Shame as a Challenge to Racial Equity in Schools
Racial equity in education remains one of the most difficult and emotionally charged conversations that educators face today. When data reveals uncomfortable truths about how race shapes outcomes for students, many adults respond not with curiosity or accountability — but with defensiveness, denial, and withdrawal. As restorative practitioners, we recognize this response for what it truly is: a reaction rooted in shame. Understanding shame, naming it clearly, and working through it with intention is not optional work — it is essential to dismantling the barriers that prevent every child from receiving the education they deserve.
Understanding the Compass of Shame in Racial Equity Work
When educators encounter conversations about white privilege, implicit bias, or structural racism, they often feel personally attacked — even when no attack was intended. This is where the compass of shame becomes an indispensable framework. Developed by psychiatrist Donald Nathanson, the compass of shame identifies four instinctive responses people use to escape the painful feeling of shame: withdrawal, avoidance, attack self, and attack others. In racial equity work, these responses show up constantly. An educator who shuts down in a professional development session is withdrawing. A leader who redirects conversations about race toward “culture” or “socioeconomic status” is using avoidance. Understanding the compass of shame allows restorative practitioners and equity leaders to decode these behaviors and respond with empathy rather than escalation. Instead of labeling defensiveness as racism in that moment, we can recognize it as a human being navigating the discomfort of being implicated in a system they did not consciously build — but benefit from nonetheless.
Breaking the Shame Circle to Build Honest Dialogue
What makes shame particularly dangerous in equity conversations is its cyclical nature. When one person feels shamed, they often respond in ways that create shame in others, triggering a shame circle that derails any possibility of productive dialogue. In schools, this shame circle can look like a teacher who feels called out in a staff meeting, then retaliates by dismissing equity initiatives as “political” or “divisive.” Another educator, feeling unsupported, withdraws from future conversations. Leadership, sensing tension, avoids the topic altogether. Meanwhile, students of color continue to experience inequity without any adult in the building doing the internal work necessary to change it. Breaking the shame circle requires a courageous, trauma-informed, and culturally responsive approach. It demands that we create brave spaces — not just safe spaces — where educators can acknowledge their conditioning, sit in discomfort, and choose accountability over self-protection. This is not about blaming individuals. It is about disrupting patterns that harm children.

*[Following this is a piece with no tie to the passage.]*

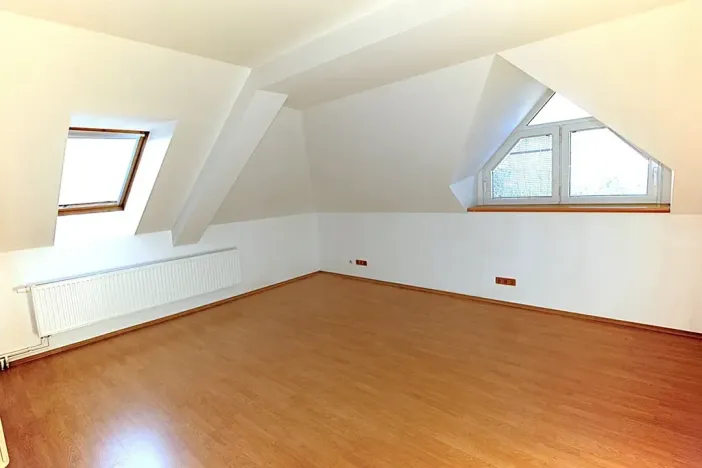 Pronájem rodinného domu, Psáry, Pod Skalkou, 300 m2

How Akoben Guides Schools Through Shame Toward Accountability
This is exactly the work that Akoben was built to do. Akoben is a restorative and equity-centered organization dedicated to helping schools across the United States confront their most difficult challenges with honesty, skill, and compassion. The Akoben framework does not shy away from naming shame — it works directly with it. By helping educators understand how shame operates within themselves and within institutional culture, Akoben supports schools in moving from reactive defensiveness to genuine accountability. Akoben facilitators are trained to hold space for the full emotional complexity of racial equity work without losing sight of the central mission: to ensure that every child, regardless of race, receives excellent, affirming, and equitable education. The Akoben approach is built on the belief that relationships are the foundation of all meaningful change, and that shame, when handled skillfully, can become a doorway to deeper learning rather than a wall.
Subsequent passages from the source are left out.